I spend a day writing a crazy AVX based implementation of my project and it was super painful. I then happen to write a serial version for comparison purposes. Compiled w/ max optimizations + fast2 floating point model + profile guided optimizations, the serial version is faster than my AVX version by ~38% (with equivalent compile settings). :( Both versions had SOA data structures.

I go look at the ASM because I'm in shock... turns out everything's AVX'fied. The compiler also managed to reduce a heavy store-load blocks that I was having a headache over earlier.

So yea....
I've had similar experiences. When ever I've tried to apply a micro optimization I've often found the compiler to have been already applying a better one :)

Out of interest how much longer does your application take to compile with the intel optimizations turned on and off?
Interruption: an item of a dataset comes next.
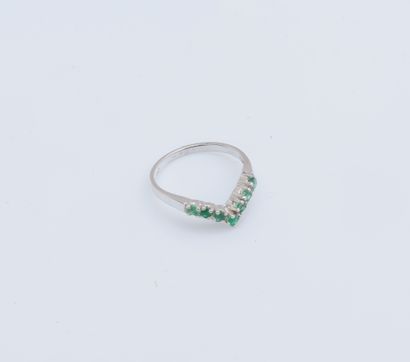 null 18K (750 ‰) white gold ring set with a line of small round emeralds (chips)...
I've had similar experiences. When ever I've tried to apply a micro optimization I've often found the compiler to have been already applying a better one :)
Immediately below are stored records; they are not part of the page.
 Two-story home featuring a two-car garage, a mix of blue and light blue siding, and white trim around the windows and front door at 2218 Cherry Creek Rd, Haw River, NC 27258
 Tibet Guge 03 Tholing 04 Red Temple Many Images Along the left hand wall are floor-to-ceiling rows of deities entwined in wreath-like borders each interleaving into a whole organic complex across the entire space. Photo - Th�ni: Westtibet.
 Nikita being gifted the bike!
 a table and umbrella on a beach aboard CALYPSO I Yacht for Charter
Out of interest how much longer does your application take to compile with the intel optimizations turned on and off?


Haven't timed it but always feels considerably longer than MSVC. Compared to baseline IC it feels similar.
By reference, as 32 bit compilers can't cope with passing them by value (MSVC, intel etc).

My experiments with AVX 256 have come out pretty poor, but using the AVX 128 instructions is a huge win due to the 3 argument versions not needing nearly as many shuffles and moves to get their work done.
http://www.gearboxsoftware.com/
I lately made this mini benchmark in an attempt to max out my i5-2500. Compiled with ICC 12 it hits flat out 100% peak performance (59 Gflop/s on a single core running 3.7 GHz in turbo mode). With 4 threads it does 200 Gflop/s which is like 95% theoretical peak...
But the operations are somewhat synthetic. It basically performs iterated matrix multiplications on a array of float4. Not sure if this compiles in MSVC (I think sys/time.h is a "unix thing", right?) but it should be easy to adapt.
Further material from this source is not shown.